DLeirer / PHD_ML_GAP_2017

2 stars 0 forks source link

title: "README_diff_expression_Project" author: "DJL" date: "15/09/2016" output: word_document: default pdf_document: toc: yes html_document: toc: yes toc_float: yes

Project Overview

This Project is part of Daniel Leirer's PhD. I work primarily with the Genes and Psychosis data from the IoPPN. The aim is to create a classifer for Psychosis.

Folder Structure

├── P0_Characterise/
│├── figs/
│└── output/
├┬─ P1_Hypothesis_Free/
│├── figs/
│└── output/
├┬─ P2_Hypothesis_Driven/
│├── figs/
│└── output/
├┬─ P3_Enviromental/
│├── figs/
│└── output/
├┬─ P4_Hybrid/
│├── figs/
│└── output/
├┬─ P11_glmnet_bootstrap/
│├── figs/
│├── Enrichment/
│└── output/
├┬─ P51_GAP_2way/
│├── figs/
│└── output/
├── R/
├── data/ ├── enviroment_backup/
└── doc/


Directory Function:
root directory = contains README and Project files for version control.
P0-PXX = subproject directories
figs = contains figures for subproject
output = contains output files from subproject.
R = Contains Scripts
data = contains all data (with exception of large data frames. Uploaded on Google Drive.)
enviroment_backup = folder for backing up enviroment to avoid dataloss. doc = contains paper, labbook and other documentation.

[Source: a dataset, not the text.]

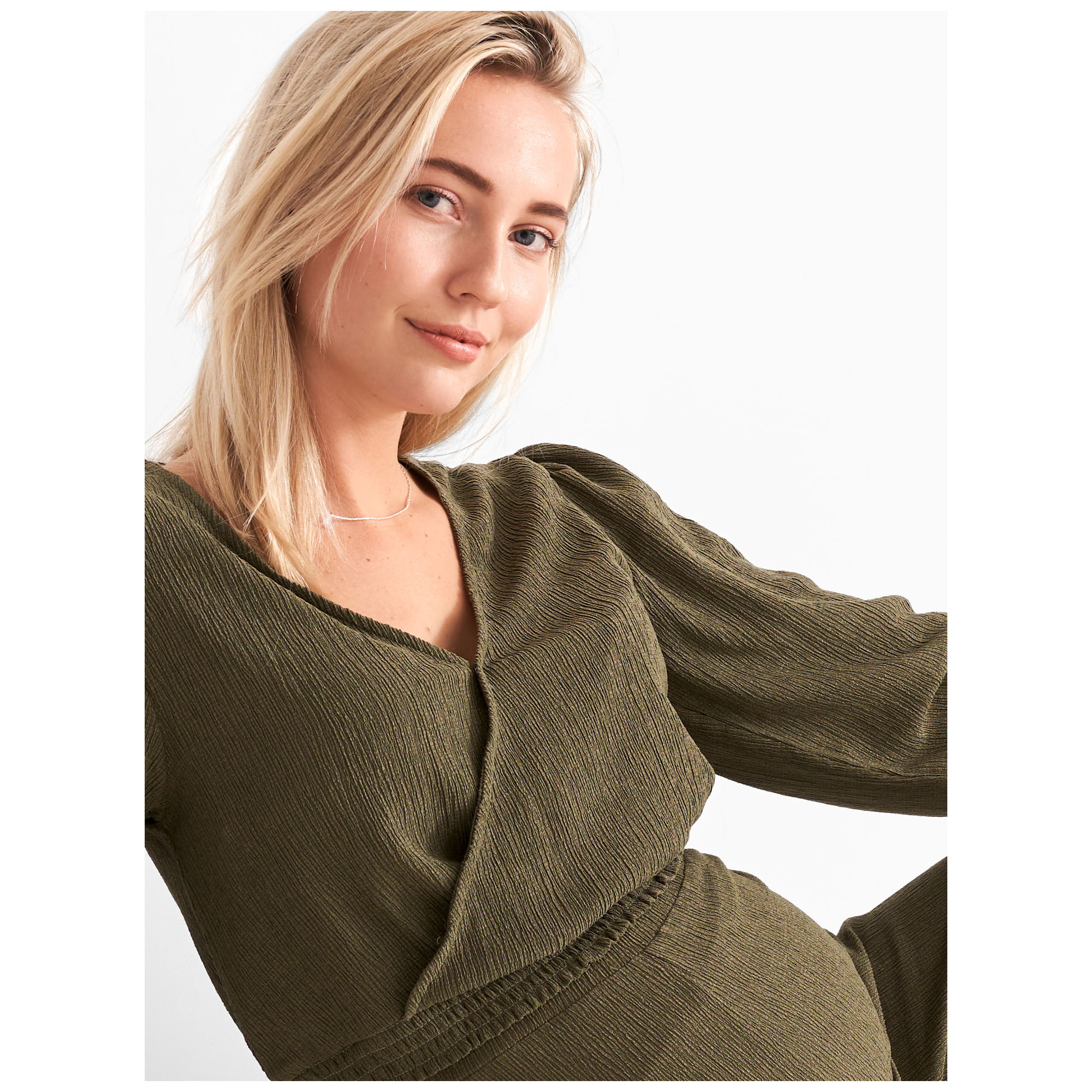 Prénatal zwangerschapsshirt lange mouwen effen groen
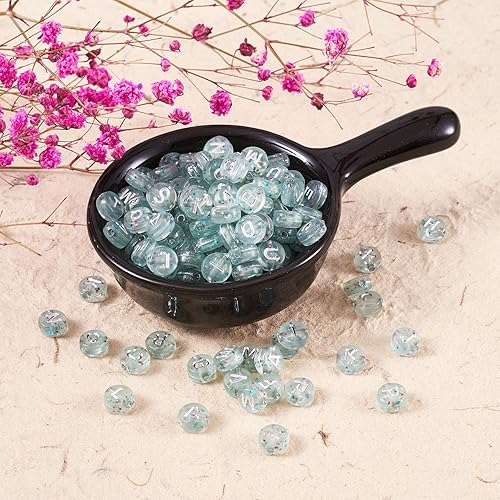 Miniatura 3 de Pandahall - 200 cuentas acrílicas transparentes de letras con polvo de purpurina de 0.276 x 0.157 in, cuentas redondas planas transparentes del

Subproject 0: Characterise

To make sure data is suitable for future steps, by giving overview of demographics and data available. Also Cell Mix is performed to make sure everything is okay down the line. Further we regress out Covariates at this step using a linear model.


  1. p0_CellMix_GAP_FEP_data_07_02_2017.Rmd
    • apply cellmix to identify poetential confounders from cell proportions.
  2. p0_characterise_GAP_FEP_data_07_02_2017.Rmd
    • Characterise cohort. Plot demographics, make tables, do stats.
  3. p0_Split_Data_GAP_FEP_data_07_02_2017.Rmd
    • Define split for all subproject (80-20). make sure to do this using Sex, Age, Ethnicty.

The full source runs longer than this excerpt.